Why is inflation still nonexistent? And what do we make of all this unprecedented monetary policy? Is debt deflation the biggest risk to the global economy? What are some of the major implications for investors? In the next section Jawad parses the economic data and surveys the macro landscape to offer his cyclical (1 to 2 years) outlook, and then I consider the secular (5 to 10 years) outlook, with a particular emphasis on the threat of deflation.

A Little Less Deflation, A Little More Reflation, Please

By Jawad Mian

Deflation is not always sinister.

I believe the deflation scare of 2014 will give way to a global economic surprise in 2015. The type of deflation likely to be observed this year will benefit the global economy and provide a welcome boost to real household incomes. In my mind, the collapse in oil prices is good deflation; a decline in demand, wages, or forward expectations causes bad deflation. Once the shock of the speed of the recent drop in oil prices is overcome, cheaper oil will undoubtedly be an important net positive for the world economy later in the year.

There is little evidence that expectations of future price declines are suppressing employment, wages, consumer spending intentions, or even global manufacturing activity. Global recruitment difficulties are back at 2006 levels, and there is mounting evidence that wage gains should begin to accelerate where they are needed most: the US, Germany, and Japan.

The US created nearly 3 million jobs in 2014, and real wages have risen more over the past year than at any other point since 2009. Strong momentum in the labor market, ongoing recovery in the US housing market, positive wealth effects from a buoyant stock market, and declines in energy prices should all combine to generate strong consumer-led growth.

It is getting more difficult to attract and retain labor. The tighter labor market has led Walmart, the nation’s largest private employer, to increase wages for 500,000 of its most poorly paid workers. The company plans to spend about $1 billion a year to raise the pay of all employees (1.3 million) to at least $9 an hour, and to at least $10 an hour by next February. I believe Walmart’s bold initiative will lead to higher wages being set for entry-level jobs throughout the retail sector, a trend that may impact over 15 million people.

A look at interest rates, currency values, and reduced energy costs suggests that Europe and Japan will receive a significant reflationary boost. Europe’s economic turnaround is in its early stages and could provide a positive growth surprise over the next two years.
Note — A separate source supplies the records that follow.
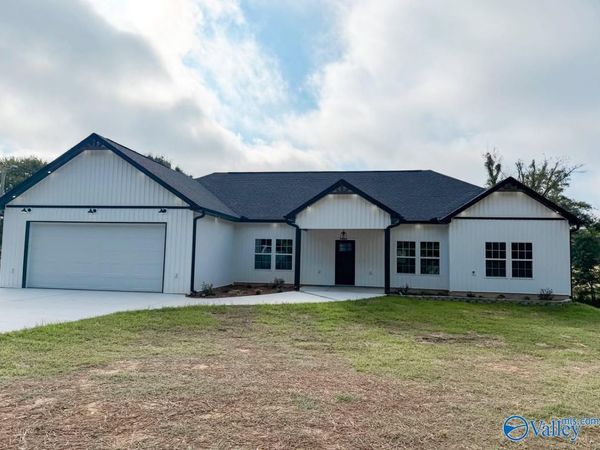 1935 Whitesville Road, Albertville, AL 35950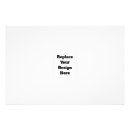 Search for cheap posters Blank party plain template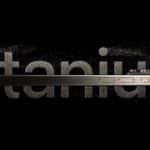 سنگینترین و ضخیمترین گوشی تاریخ اپل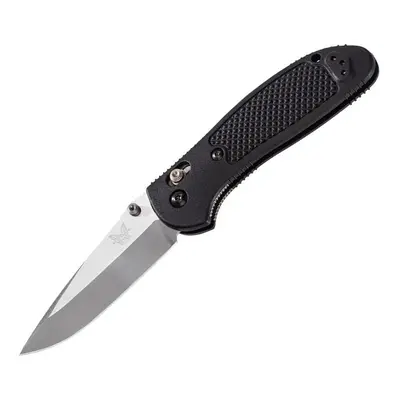 Benchmade Griptilian® 551-S30V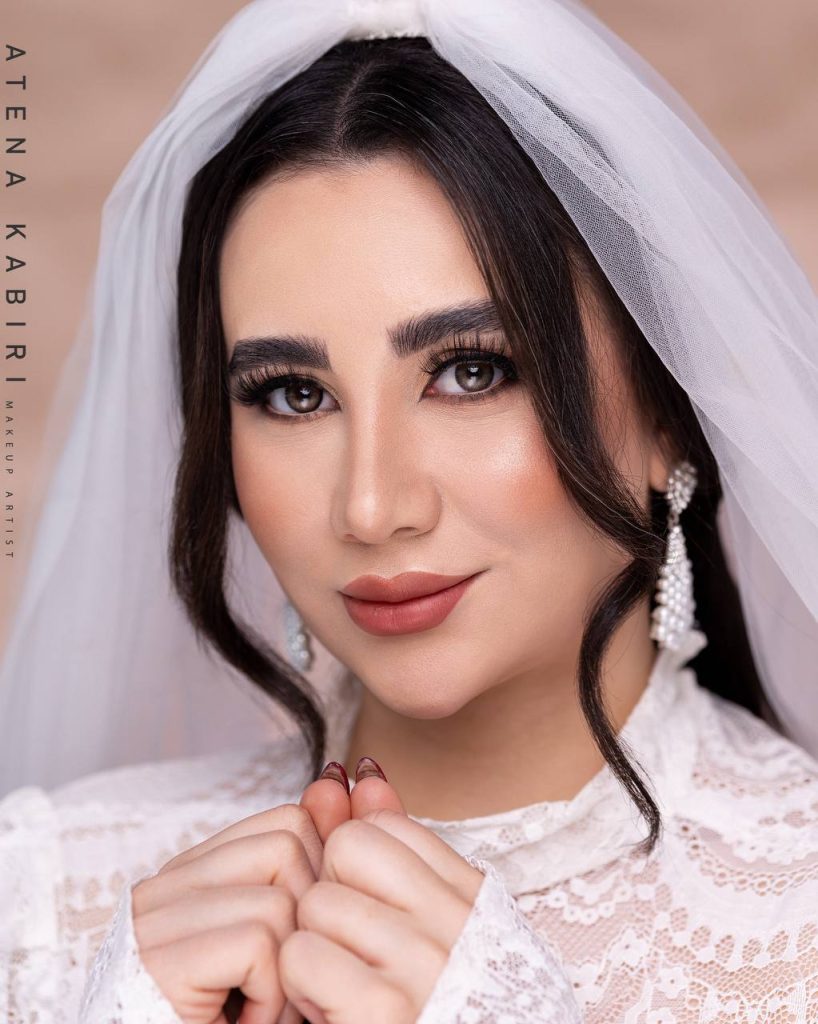 خدمات عروس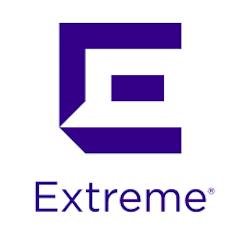 Extreme_Networks_logo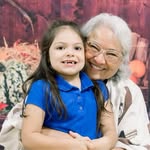 Lucille Nelson - @lucillenelson542 - Instagram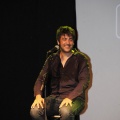 Castellón, Estopa en el Auditorio 2012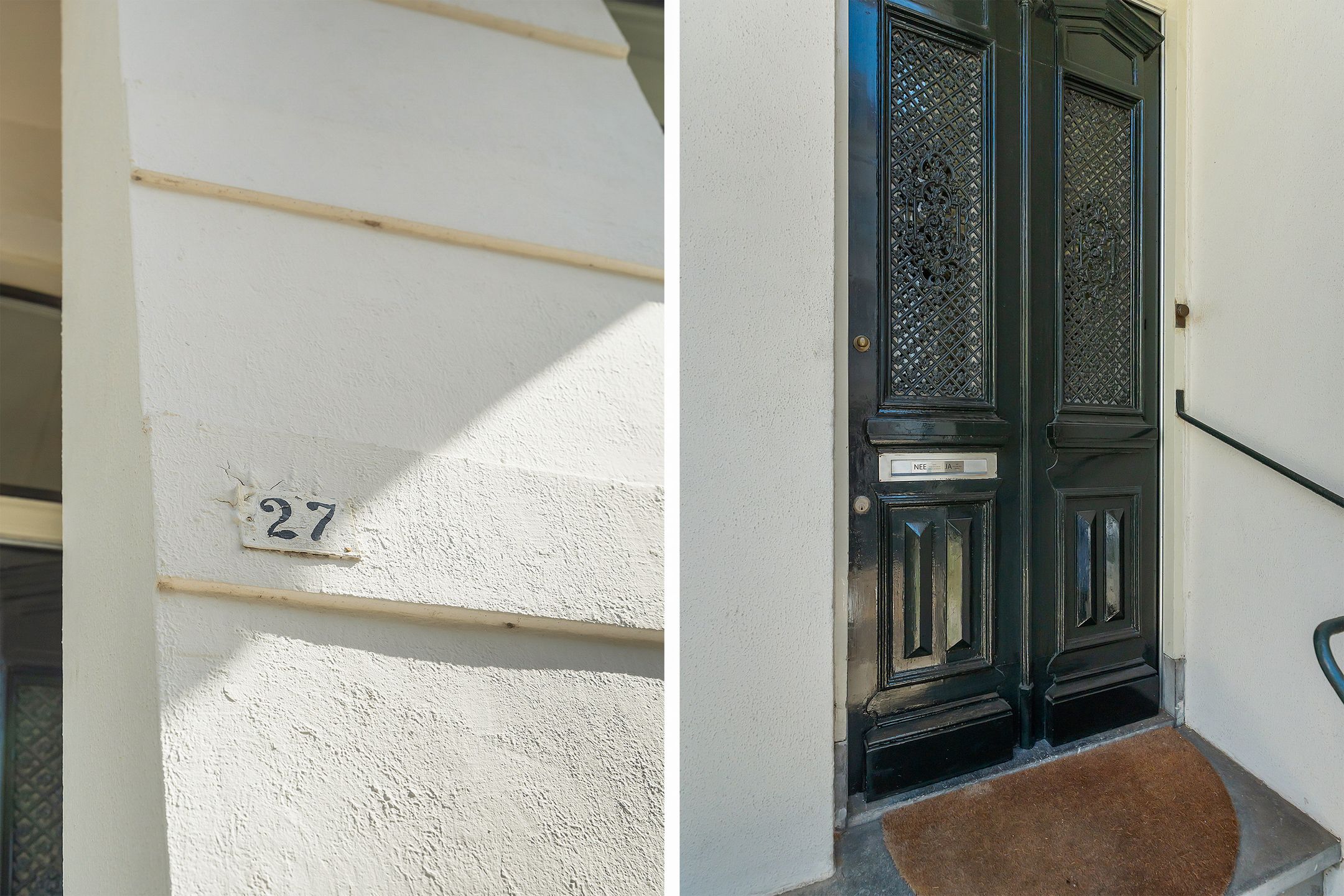 Photo 6 of Kastanjelaan 27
The liquidity spigots are wide open, and the largely recapitalized banking system is responding to credit demand, as indicated by the latest ECB bank lending survey. Money supply and bank lending have continued to recover, with loan growth in the euro area about to turn positive for the first time since 2012.

The recent German consumer confidence reading was the highest it has been since 2001. German unemployment is near post-reunification lows, and real wages are growing at the fastest pace in over 20 years. IG Metall, Germany’s largest union, just settled on a 3.4% annual pay rise for its workers in southern Germany. More importantly, the deal is seen as a bellwether for salary negotiations in the rest of the country. Reports suggest that 32 regional contracts (covering seven unions and about 6.5 million workers) expire this year.
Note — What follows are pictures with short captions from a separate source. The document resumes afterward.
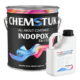 Indopox 600x600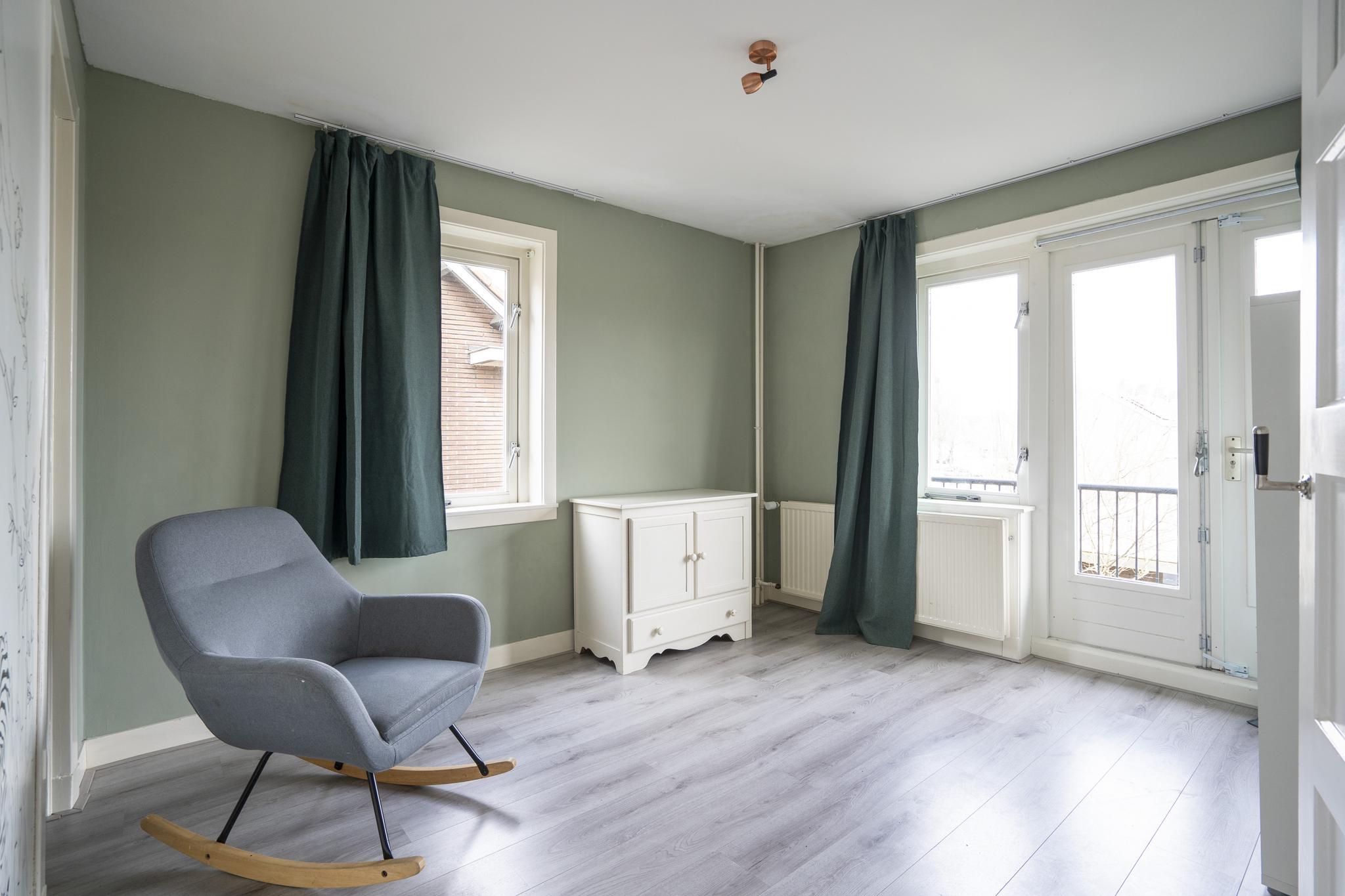 Burg. Gaarlandtstraat 37, afbeelding 21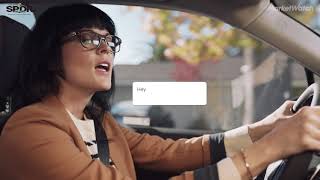 How voice-assistant software can revolutionize the entire household screenshot 5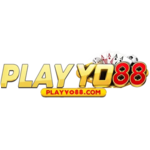 Play Yo88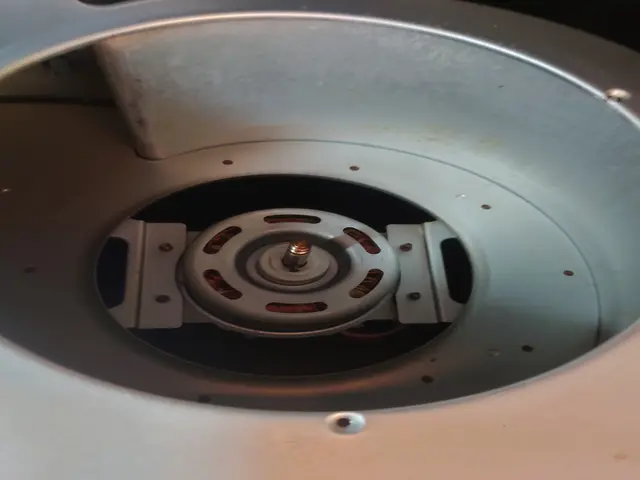 ◆年中無休◎予約から施工まで100%自社対応◎アフターフォローもばっちりサービスの画像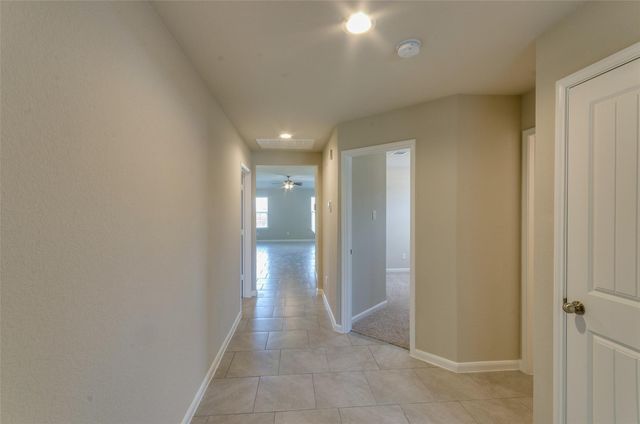 2213 Del Mar, Texas City, TX 77568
This is an essential part of euro-area rebalancing that should support growth in neighboring countries by way of a competitive boost. The Spanish labor market has enjoyed its best year since 2007, and the eurozone’s overall unemployment rate has fallen to a 33-month low.

Deflation is in the process of ending in Japan. The Bank of Japan has successfully cheapened the yen to its most competitive level since 1973 on a real effective exchange-rate basis. Export volumes are rising, and Japan’s balance of payments on tourism has turned positive for the first time in a long time. According to Peter Tasker, in terms of discretionary spending, the tourist boom is equivalent to an increase in the Japanese population of 1.4 million.

With the jobless rate down to 3.4%, Japan should be able to finally achieve some real wage growth this year. Just as Prime Minister Abe has been able to produce a genuine shift in the corporate governance climate in Japan, I firmly believe that Abe will be able to cajole corporate leaders to hike salaries as well, so as to “spread the warm winds of economic recovery to everyone throughout the country.” Last month, Toyota granted its employees their largest wage increase in more than a decade.

The global manufacturing sector has expanded for 28 consecutive months. Based on Markit’s recent Global Purchasing Managers Index (PMI) survey, the rate of output growth accelerated as companies scaled up production to meet rising levels of new work and new export orders. As US economic growth should now be driven more by consumption (which represents two-thirds of the US economy) rather than capital expenditures (capex), this implies stronger global trade, a wider US trade deficit, and a softer US dollar going forward.

The cyclical path of least resistance for commodities may also turn up later this year. A pickup in global PMIs suggests that we may have seen the worst of commodity price deflation. Oil excess supply remains elevated, but prices appear to have bottomed. According to Aurelija Augulyte, a senior analyst at Nordea Markets, even if you hold the dollar and oil prices at current levels, the base effects will effortlessly push the inflation up in the second half of this year.

Global core inflation appears to have already troughed. The number of nations where CPI fell month-over-month has collapsed from 23 in December and 33 in January to just 9 in February. I suspect downside pressure on global inflation readings will soon be exhausted.

In the US, core inflation has surprised positively three months in a row. The core CPI held at 1.8% year on year in April, up from 1.6% in January. Core CPI was at a 2.3% annual rate in the first quarter, up from a 1.6% pace in 2014. The Fed’s preferred measure of inflation (core personal consumption expenditure index) has been roughly stable for two years, around 1.5%.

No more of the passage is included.